Created by Johann Furmann, edited by Sviatoslav Voloshin

Disclaimer

This document is my personal opinion and just one way of doing things. I’m looking forward to any feedback.

Introduction

In our projects, we have to make countless small and big decisions. The decisions are sometimes very small as the order of fields on a page layout, sometimes very big like the implementation of Salesforce CPQ for Quote generation.

Making these decisions needs always be based on the desired future process, which is most often based on existing processes.

Discussing the desired outcome can often take a very long time since there are many unknowns and “black swans.” This is where the concept of realistic sample or test-data comes into play. It is not a new concept, however, it is often overlooked or not given the necessary attention.

Existing data makes it possible to perform evidentiary analysis based on a small sample of truly random records. This type of analysis will often yield a greater depth of understanding of the real requirements than lengthy discussions. Evidence may also yield unexpected and even contrary results.

My experience has taught me that most discussions about the business are rather theoretical and somewhat detached from reality.
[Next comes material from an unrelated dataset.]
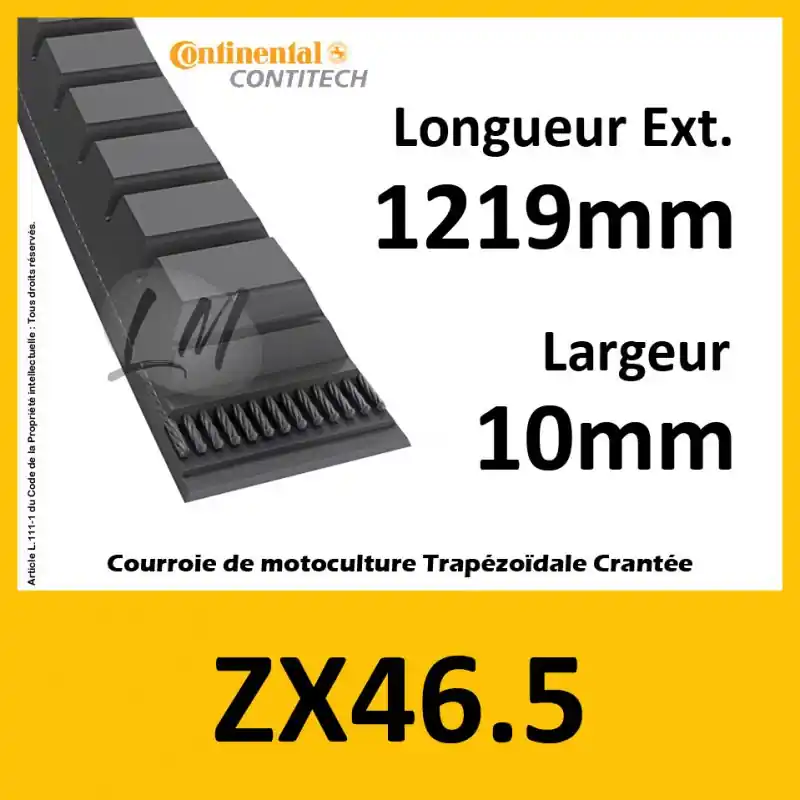 Soldes Courroie ZX46.5 – Teknic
We sit in a room and discuss hypothetical processes without examining reality. If we are lucky, we have the voice of the user in the room. What we almost never have in the room is the reality. Human memory is typically unreliable. We like to remember the outliers, exceptions, or what fits our beliefs. It is almost impossible for us humans to remember something we would prefer to filter out.

That’s where sample data comes into place. Even a small sample size can give us a glimpse into reality.
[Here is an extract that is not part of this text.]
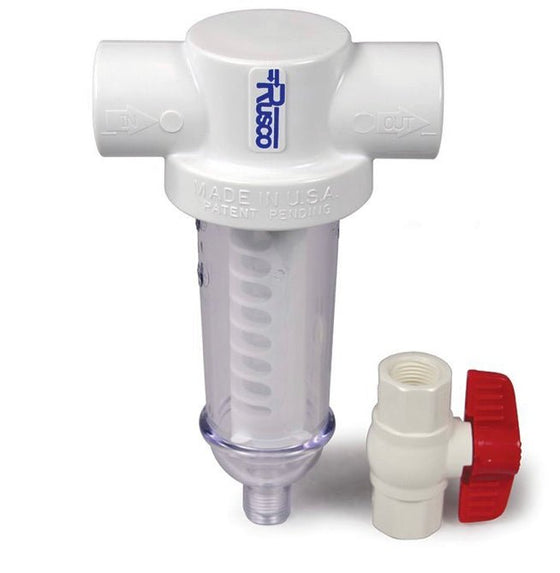 Rusco-1-Polyester-or-Stainless-Steel-Spin-Down-Filter-with-Flush-Valve,Isopure-Water,1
I’d like to explain it with a simple example:

Business problem:

Users spend a lot of time filling out the “Comment” field on Quotes. 
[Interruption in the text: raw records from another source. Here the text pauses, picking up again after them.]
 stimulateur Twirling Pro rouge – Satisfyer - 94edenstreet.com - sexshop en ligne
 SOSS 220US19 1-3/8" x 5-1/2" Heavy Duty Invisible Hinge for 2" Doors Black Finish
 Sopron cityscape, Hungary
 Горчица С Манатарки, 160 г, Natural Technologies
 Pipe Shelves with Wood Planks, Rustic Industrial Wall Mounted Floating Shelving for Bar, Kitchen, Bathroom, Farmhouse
Management wants to decide if that’s still needed in the future or should be removed.

Preparation:

The team defines the purpose of the Comment field.

The Comment field is meant to help the Invoicing Team create the correct invoice.

Sample Data:

The project team picks the 20 random Quotes where the comment field is filled out. The team does not filter the Quotes in any other way.

Classification:

The team takes the 20 Comments and asks two members of the invoicing team to classify the comments. Comments are classified as “helpful” or “not helpful”.

Decision:

Based on the classification we learned that the Invoicing Team members classified 2 out of the 20 comments as helpful. All others were classified as “Not helpful”.

Using that data it is concluded that the comment field is removed since the value of the comments does not justify the effort of maintaining the field (migrating data, reporting on it, etc.). 

Sample size:

In my experience, a sample size of 10 – 20 records is more than sufficient for such analysis. Often 5 records are already enough to see a trend.

Randomness:

As tempting as it may be to filter sample data, for fear of certain records not being good examples or user bias, this practice must be avoided, since the objective is to reflect reality and not a version of it. Making decisions based on real evidence will produce better results. It’s a lot like good parenting – you will not be the most popular person and it will require more work and rigor, but your customers and your future self will thank you later.

Summary:

Using the aforementioned process takes about an hour of work. The outcome of the decision is better than any lengthy discussions since it’s based on real end-user feedback.

Discussions typically yield less accurate results, since they are usually based on assumptions, inaccurate information, and anecdotal evidence.